🧠 Solving LeetCode Until I Become Top 1% — Day `69`

🔹 Problem: 3446 Sort Matrix by Diagonals

Difficulty: #Medium
Tags: #Matrix, #HashMap, #Sorting

📝 Problem Summary

You are given a 2D grid. Each diagonal of the matrix (identified by the difference row - col) must be sorted independently.

Diagonals starting from the top-right should be sorted in descending order.

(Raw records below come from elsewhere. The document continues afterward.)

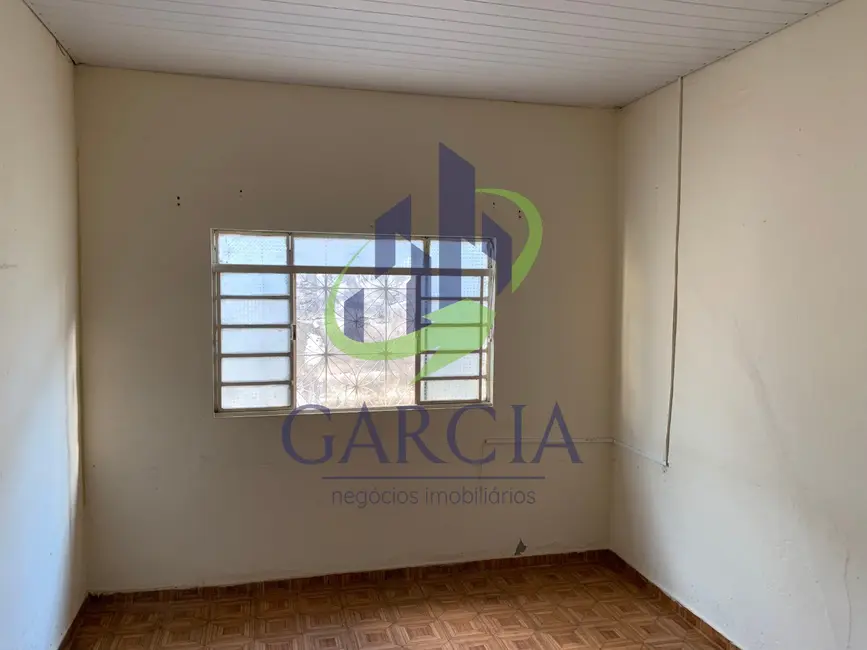 Foto 1 de Casa com 2 quartos à venda, 223m2 em Vila Paraíso, Mogi Guacu - SP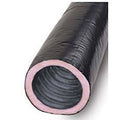 Flexible HVAC Duct 9 inch Diameter R4.2 X481112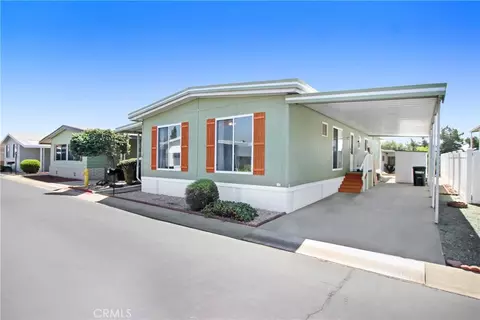 3620 Moreno #121, La Verne, CA 91750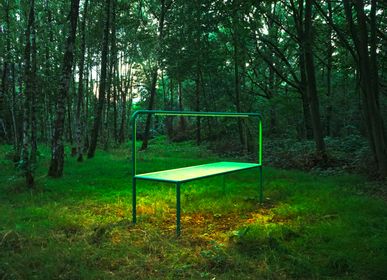 Other tables - Jeff Rutten - PLAYGROUND - table - BELGIUM IS DESIGN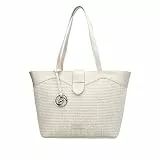 Remonte Damen Shopper Q0759-60 beige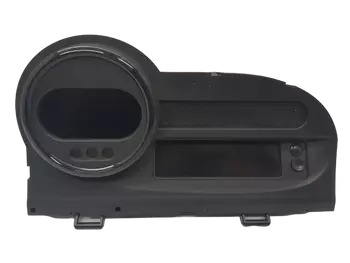 8201178277R 8201178277  Bloc compteurs vitesse Renault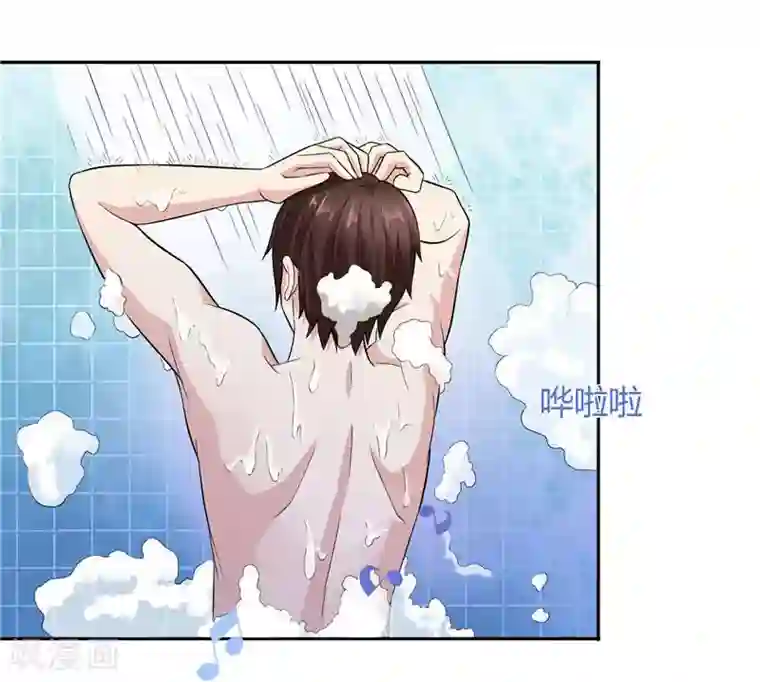 美女大小姐的僵尸高手第7话 绝不再窝囊的活下去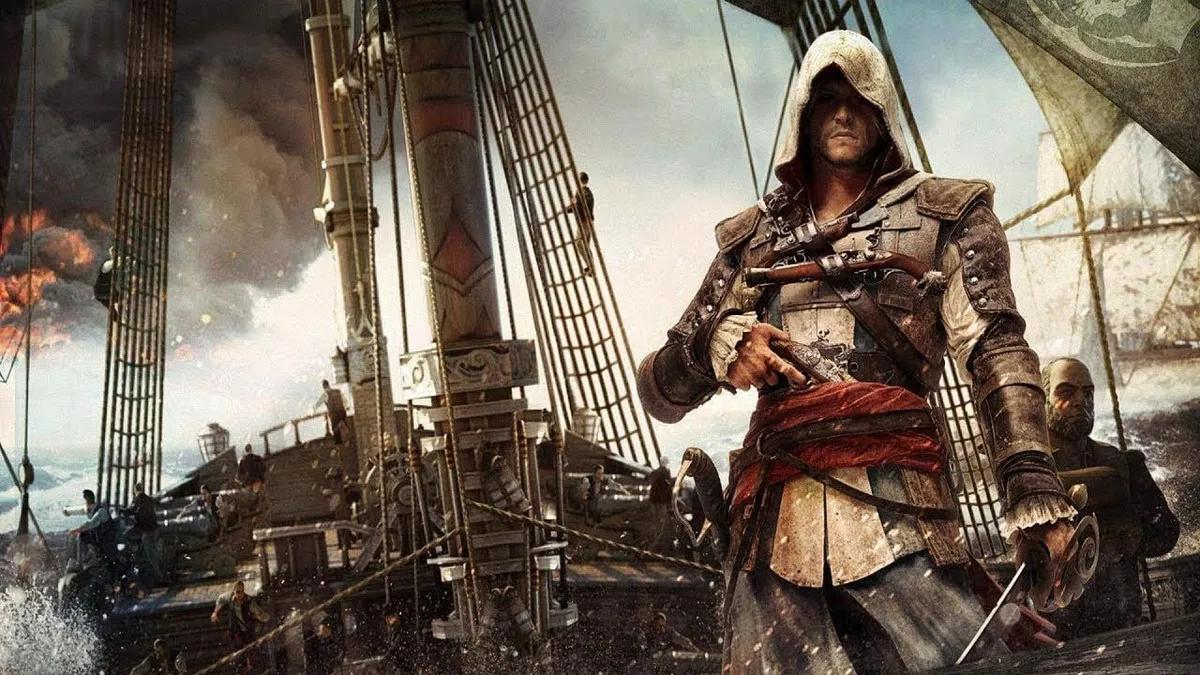 Trotz Bedenken ist die Neuauflage von Assassin's Creed Black Flag kein RPG-Spiel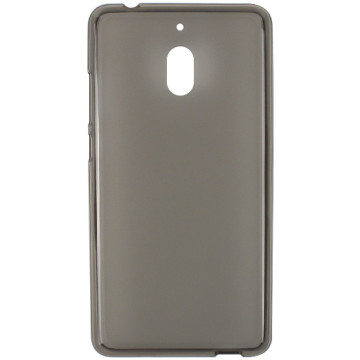 Nokia 2.1 Case - FLEXmat Case - black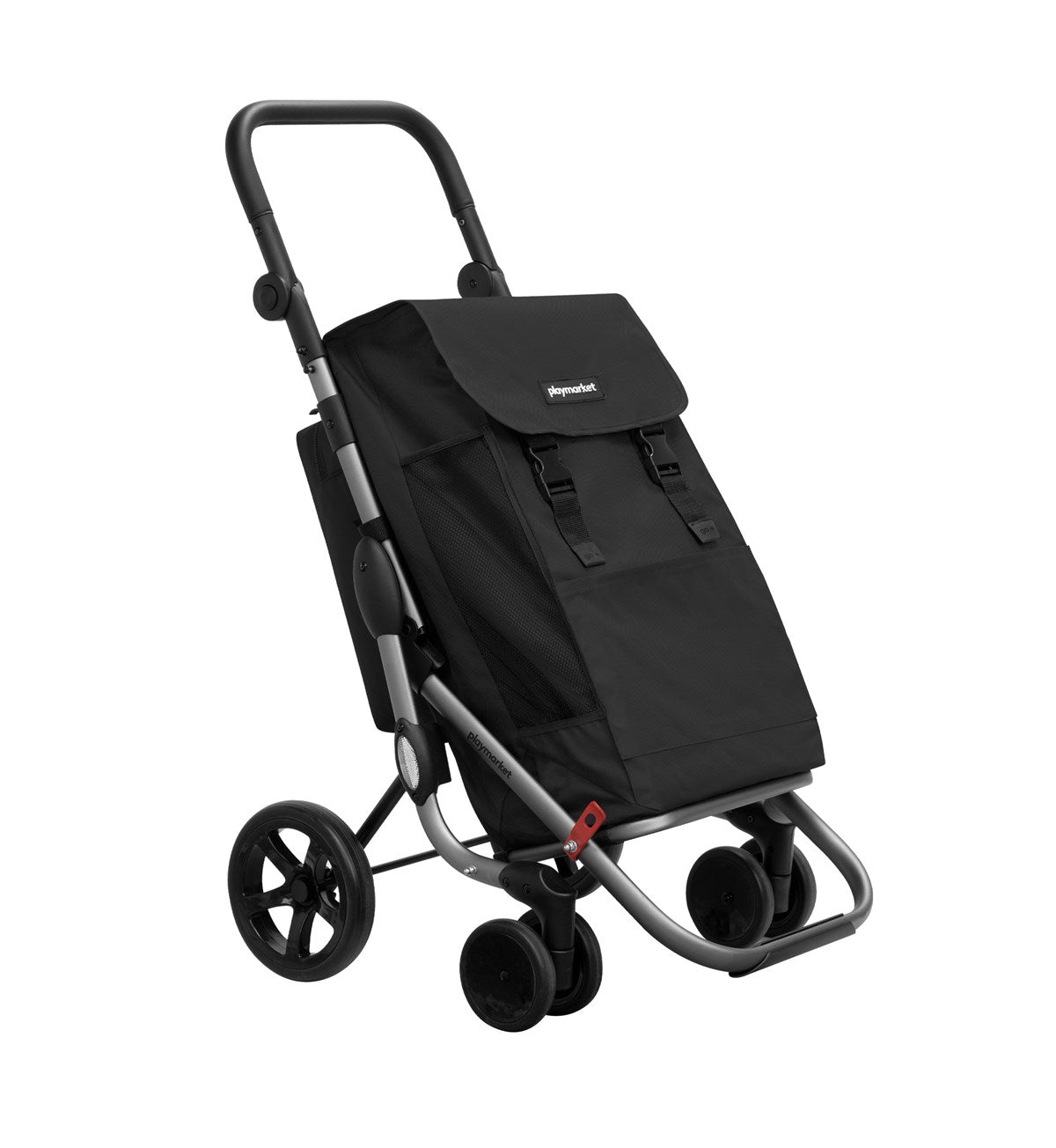 Playmarket Go Plus Premium Shopping Trolley
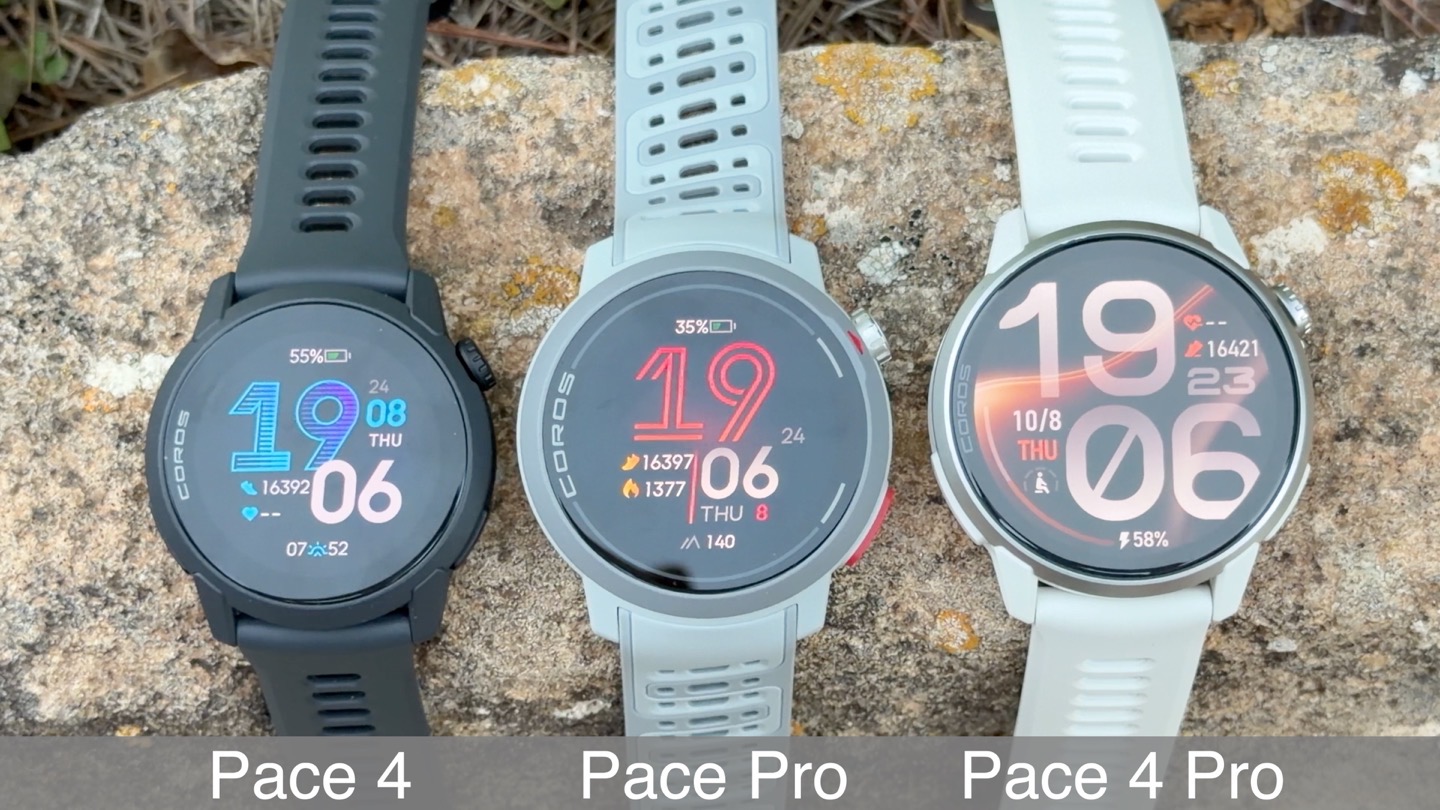 COROS Pace 4 Pro In-Depth Review: Worth the Upsell?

Diagonals starting from the top-left should be sorted in ascending order. Return the modified matrix after sorting each diagonal.

🧠 My Thought Process

Brute Force Idea:
Extract each diagonal separately into a list, sort it, and then put the sorted values back. But this requires a lot of manual tracking of diagonals.
Optimized Strategy:
Instead of treating diagonals manually, use the property that each diagonal is uniquely identified by row - col.
- Store elements of each diagonal in a hashmap where key = row - col.
- Sort diagonals:
- If key < 0 (upper diagonals), sort descending.
- If key >= 0 (lower diagonals), sort ascending.
- Refill the matrix by popping elements back in the correct order.
Algorithm Used:

HashMap for grouping + Sorting each diagonal independently.

⚙️ Code Implementation (Python)

from collections import defaultdict
from typing import List

class Solution:
    def sortMatrix(self, grid: List[List[int]]) -> List[List[int]]:
        hashmap = defaultdict(list)
        rows = len(grid)
        cols = len(grid[0])

        # Group elements by diagonal (key = row - col)
        for row in range(rows):
            for col in range(cols):
                key = row - col
                hashmap[key].append(grid[row][col])

        # Sort each diagonal
        for key in hashmap:
            if key < 0:
                hashmap[key].sort(reverse=True)
            else:
                hashmap[key].sort()

        # Refill the matrix with sorted diagonals
        for row in range(rows):
            for col in range(cols):
                key = row - col
                grid[row][col] = hashmap[key].pop()

        return grid

⏱️ Time & Space Complexity

Time: O(m × n × log(min(m, n))) — each diagonal is sorted individually.
Space: O(m × n) — hashmap storage for all diagonals.

🧩 Key Takeaways

✅ Learned the trick that diagonals in a matrix can be grouped using row - col.
💡 The twist was handling different sort orders (ascending vs descending) depending on diagonal position.
💭 For future diagonal problems, always check if row - col or row + col can uniquely represent them.